York was the first to find general solutions for the “line of best fit” problem when he was working with isochron data where the abscissa (x) and ordinate (y) axis variables shared a common term (and hence resulted in correlated errors). He first published the general solutions to this problem in 1966 and subsequently published the solutions to the correlated-error problem in 1969.

If these solutions were published so long ago, why are there so many different regression techniques detailed in the literature? Well, it’s always useful to have different approaches to solving numerical problems, but as Wehr & Saleska (2017) point out in a nifty paper from last year, the York solutions have largely remained internal to the geophysics community (in spite of 2000+ citations), escaping even the famed “Numerical Recipes” textbooks. Furthermore, they state that there is abundant confusion in the isotope ecology & biogeochemistry community about the myriad available linear regression techniques and which one to use when. I can somewhat echo that feeling when it comes to calibration exercises in the (esp. coral) paleoclimate community. A short breakdown of these methods follows.

### Ordinary Least Squares (OLS) or Orthogonal Distance Regression (ODR) or Geometric Mean Regression (GMR): which one to use?!

Although each one of these techniques might be more appropriate for certain sets of data versus others, the ultimate take-home message here is that all of these methods are approximations of York’s general solutions, when particular criteria are matched (or worse, unknowingly assumed).
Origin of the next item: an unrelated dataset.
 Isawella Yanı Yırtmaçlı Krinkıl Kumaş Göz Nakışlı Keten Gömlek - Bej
• OLS provides unbiased slope and intercept estimates only when the x variable has negligible errors and when the y error is normally distributed and does not change from point to point (i.e. no heteroscedasticity).
• ODR, formulated by Pearson (1901), works only when the variances of the x and y errors do not change from point-to-point, and when the errors themselves are not correlated. ODR also fails to handle scaled data i.e. slopes and intercepts devised from ODR do not scale if the x or y data are scaled by some factor. Note that ODR is also called “major axis regression”.
• GMR transforms x and y data and can thus scale estimates of the slope and intercept but works only under the condition when the ratio of the standard deviation of x to the standard deviation of the error on x is equal to that same ratio in the y coordinate.
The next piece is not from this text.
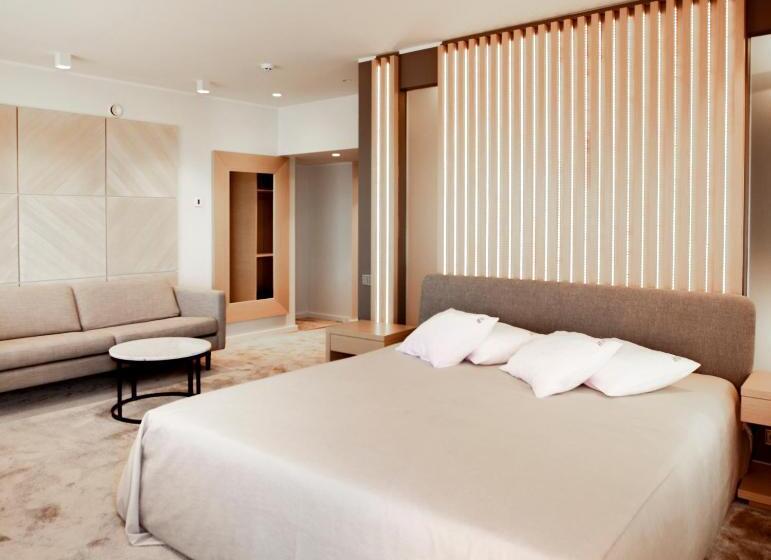 سوئیت با وان آب گرم, Lepanina Hotell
Most importantly, and perhaps quite shockingly, NONE of these methods involve the actual measurement uncertainty from point-to-point in the construction of the ensuing regression. Essentially, each method is an algebraic approximation of York’s equations, and whereas his equations have to be solved numerically in their most general form, they provide the most unbiased estimates of the slope and intercept for a straight line. In 2004, York and colleages showed that his 1969 equations, (based on least-square estimation) were also consistent with (newer) methods based on maximum likelihood estimation when dealing with (correlated or uncorrelated) bivariate errors. Our paper in 2011 provides a relatively fast way to iteratively solve for the slope and estimate.

In our publication, besides the Pearson data, we also applied our algorithm to perform “force-fit” regression - a unique case where one point is almost exactly known (i.e. very little error and near-infinite weight) - on meteorite data and showed that our results were consistent with published data.

All in all, if you want to fit a line through a bunch of points in an X-Y space, you won’t be steered too far off course by using our algorithm.